Another great sanity check in coding anything related to data is plotting. Try making a plot of your data, plotting height vs day for all the plants.
Loops
Introduction to loops
We now have a function that allows us to ‘grow’ the plants in our dataframe in a single line, just by providing the growth parameters. However, this doesn’t actually solve our problem of trying to model the growth of these plants over long periods of time. We ideally want to avoid running this model by hand 30+ times.
Instead, we can use something called a “loop”. These are an incredibly fundamental idea in programming, and they allow you to easily repeat a task multiple times.
for
loops
The most commonly used type of loop is a ‘for’ loop. Imagine we have some list (e.g. a consecutive list of days). The loop takes a variable and takes turns assigning every value from the list to it, in order, and then doing something with the variable. Here’s how they look in R:
for (variable_from_list in some_list){
# do some stuff using variable_from_list
}
Note that unlike functions, loops are not closed-off boxes: in addition to variable_from_list, they have access to all the previously specified variables in R, and they can modify these variables.
Let’s try an example: we can write a loop that starts with a vector of numbers, and produces an output vector of those numbers squared.
initial_vector <- c(0, 3, -2, 4, 15)
squares_vector <- c()
for(current_number in initial_vector){
print(current_number)
current_number_squared <- current_number^2
squares_vector <- c(squares_vector, current_number_squared)
}
print(squares_vector)
Of course, you don’t need a loop to do the above; simply running initial_vector^2
would have worked. In fact, running this kind of operation in the loop we wrote takes much longer than the alternative. However, there are many cases (like our plant growth problem) where loops are the only way to do something.
while
loops
There’s also another kind of loop, a ‘while’ loop. Rather than going through a vector of pre-defined length, while loops check that some condition is true, and only continue while that is the case.
Here’s a while loop that subtracts 2 from a number and prints the result, stopping only when the result is equal to 0.
number <- 8
while (number != 0){
number <- number - 2
print(number)
}
while()
loops are tricky, however. If you don’t think carefully about your starting condition, you can end up in an endless loop. For example, try changing the initial value of number
to 7 in the loop above.
Hint: You can press inside your console and hold down ctrl-c
or Esc
to end the execution of any R code.
Coding plant growth in a loop
Now that we know how to write loops, try to write some code that makes a new dataframe, plant_growth_df_2, and then uses a loop running the grow_plants function to loop through 30 days of plant growth.

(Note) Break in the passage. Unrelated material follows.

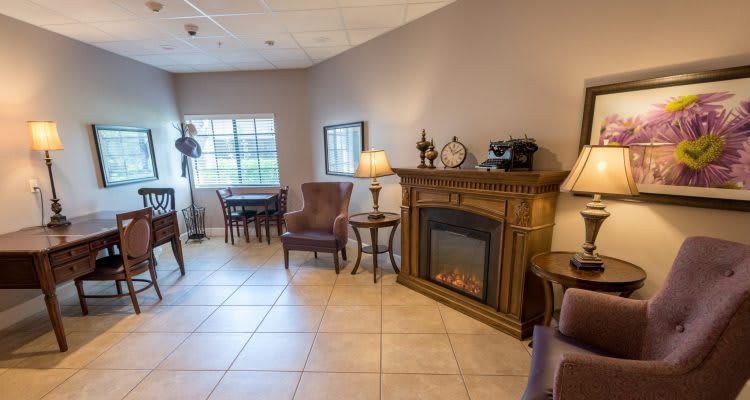 A cozy living room featuring a decorative fireplace, comfortable seating, and classic furnishings.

Putting it all together: Using simulations to plan experiments
Let’s come back to our initial problem. We want to figure out whether salt affects plant growth. To do this, we plan to compare two conditions: plants grown without salt, and plants grown with some standard concentration of salt added to the soil.
Imagine we suspect, based on previous literature, that salt decreases plant growth rate by 20%. How large of an experiment would we have to do to see this change? How long do we need to run this experiment for?
We can try to get ballpark answers to these questions with simulations.
First, let’s convert our plant dataframe-creating loop from above into a function. In addition to all the plant growth parameters, we may want to pass the number of individual plants we’re growing, as well as the duration of growth, into this function.
Now we can use our new simulate_growth()
function to simulate plant growth with and without salt.
Now that we’ve simulated our data, we can do some plotting and statistical analysis on it!
combined_plant_df$plant.id.full <-
paste(combined_plant_df$Condition, combined_plant_df$plant.id)
View(combined_plant_df)
What would you do if you wanted to repeat this simulation and comparison 1000 times, saving the p-value associated with the effect of Condition each time?
Using coding in science
I wanted to share some final resources that I think are great places to look to keep going with learning to code.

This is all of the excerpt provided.